He concludes “I don’t want to hurt you. I just want to feel what you felt … to feel a little less dead.” The zombies come out the clear winners of this skirmish, and Julie is left standing alone, her magazines drained and her throwing knives spent. R approaches her before most of the others have left their kills and speaks her name, having learned it from Perry’s brain. To her astonishment, he rubs blood and grime over her face, and tells her “Come … s-safe.” With few options, she follows him and realizes the other zombies assume she is a new “addition to the family.” He takes her home and promises, in what sentence fragments he can manage, to keep her safe. However, she initially refuses to interact with him other than by curling into a ball and crying. He comments “I can tell when a girl needs her space. There’s other ways to get to know someone. Like eating her dead boyfriend’s brains.” He has saved several pieces from the attack, and over the next few days, he learns more of Perry and Julie’s story, and becomes increasingly remorseful for killing Perry. During this same time frame, R(omeo) and Julie(t) begin to talk more and grow closer.
R begins to change. His heart begins to beat, he begins to experience warmth and cold, and he begins to dream (“The dead do not sleep”). What’s more, as R changes, it also seems to affect the other zombies. Significantly, the zombies in this movie lack the wounds other zombie movies like to put on their zombies.  No lips missing, or ribs showing or anything. From the beginning, I wondered if being a zombie was any different from having arthritis and Alzheimer’s. We actually don’t get any clues as to how any of these people died (supposedly, none of them remember). The implication seems to be, at least at the symbolic level, that these zombies only ever “died” in that they forgot what it was to be human. As they start to remember, they start to move less stiffly and form sentences. Meanwhile, Julie begins trying to convince her father (John Malkovich), who runs the compound that the zombies are not the enemy and want to help.

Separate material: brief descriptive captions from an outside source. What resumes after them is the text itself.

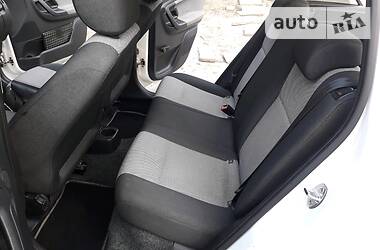 Хетчбек Skoda Fabia 2012 в 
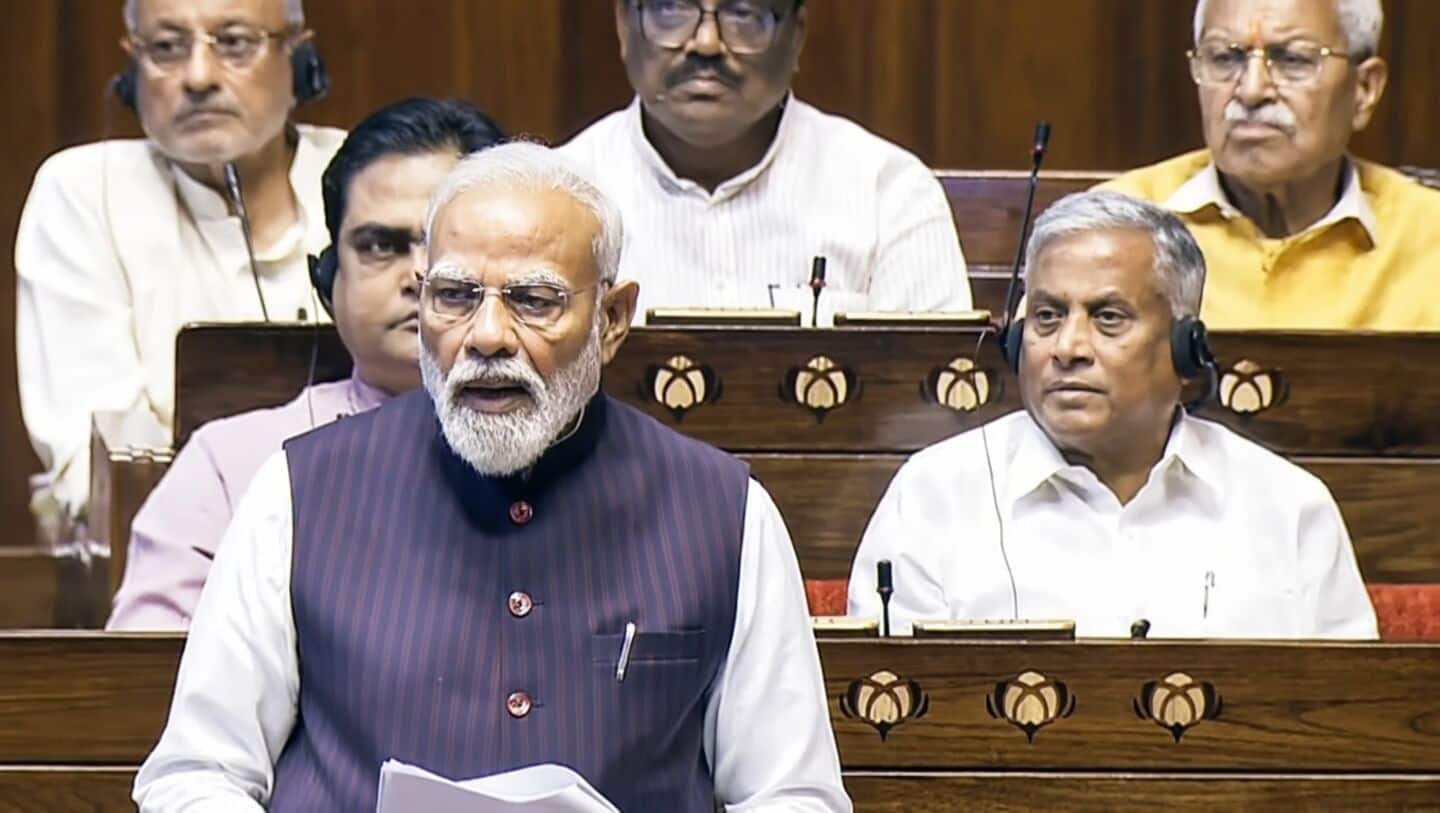 Modi asks states to work with center as 'Team India'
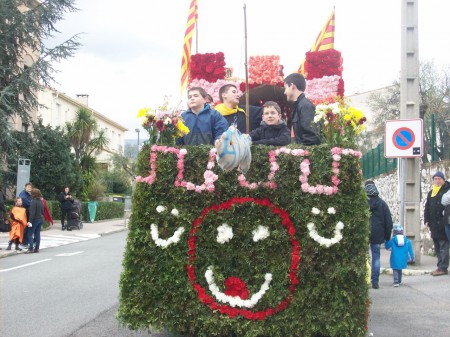 BATAILLE DES FLEURS VENCE 2013
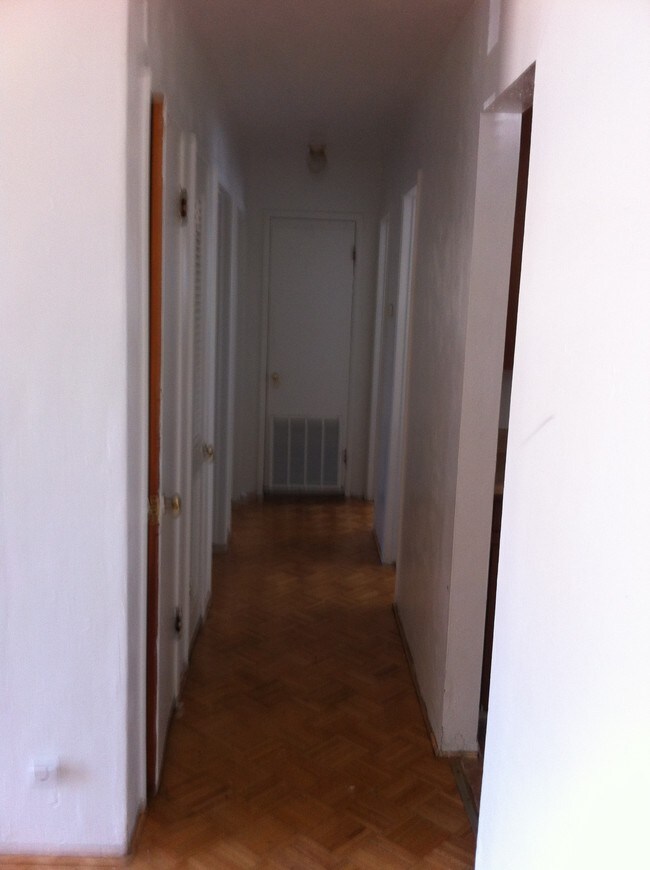 Foto del edificio - 2703 Ridgeway Dr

All this is thrown together pretty loosely. For example, there’s never really a good explanation of how the humans and zombies end up allied against the Bonies. But I’m not complaining. I have to admit, the end of Warm Bodies really did bring a smile to my face, even if there were some holes in the plot. After so many zombie flicks tried to out do each other with bleakness and cynicism, it was cool to see one where there actually was a cure found — and it wasn’t some magical batch of chemicals, but simply, well … a little TLC.
But geez, now we’ve also lost zombies as unfeeling enemies that we can kill without remorse! If both vampires and zombies are now eligible mates with hopes, dreams and humanity, what supernatural creatures can we still use as fodder for the part of us that just wants to wield a shotgun? Hmm … maybe witches? More on that next time.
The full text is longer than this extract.